John C. Hull, principal from 1895 to 1902, instituted the commercial course in 1901. He was also instrumental in raising by subscription sufficient funds to purchase pictures and statues to decorate the classrooms. His successor, Charles A. Adams, who was principal until June 1907 is notable for having encouraged such extracurricular activities as the first school orchestra (1903), the first girls' glee club and the first A.A.A.Constitution in 1906. In 1904 the teaching of Greek was discontinued. Between 1904 and 1906 the custom of giving a Senior play became firmly established although many classes had presented plays before. In May of 1892 the Senior class staged "The Merchant of Venice" at the Opera House (the upstairs of the Town Hall) and made a profit of one hundred dollars.

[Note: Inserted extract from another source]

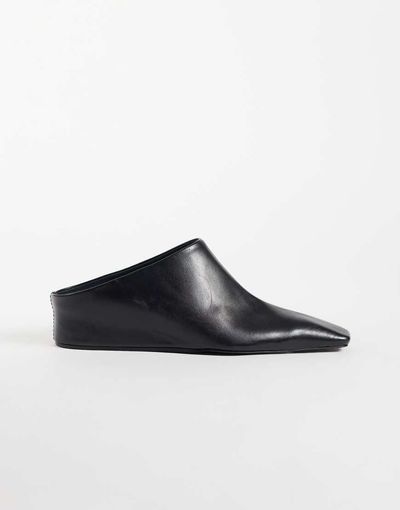 ASOS DESIGN ASOS DESIGN Maeve premium leather concealed wedge mules in black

In 1908 the population of Adams was approximately the same as it is today. The High School building designed for 150 pupils then had an enrollment of 190.

As a first step in expansion, the twelve hot air furnaces in the basements of the Liberty Street Grade School and the High School were replaced by a separate underground heating plant with two steam boilers. In both buildings was installed a direct and indirect heating and ventilating system with thermostatic control.

During 1909 the High School was remodeled and enlarged. The remodeling involved removing all partitions on the second floor to provide an assembly room capable of seating 450 people and a stage with two small dressing rooms. The first floor was changed to provide a typing room, a classroom, a library, a reception room, a retiring room for teachers, and offices for the principal and superintendent. In the basement of the original section a lunch counter and lunch room proved a welcome adjunct to the one session day. The basement of the new section afforded ample space for a manual training shop and a domestic arts department. These courses were added to the curriculum in 1912. The new physics and chemistry laboratories on the third floor of the annex had an even more important effect on the curriculum. They provided the first adequate facilities for scientific studies.

In 1909 the town of Cheshire discontinued its High School and its students were sent as tuition pupils to the now "spacious halls" of Adams High.

Until 1951, changes to the building were minor and infrequent. In 1937 wardrobes in the first and second floor corridors were removed. In 1938, John J. Grosz, then teacher of chemistry and physics, installed a loud speaker system to enable the principal to speak to the entire school without an assembly.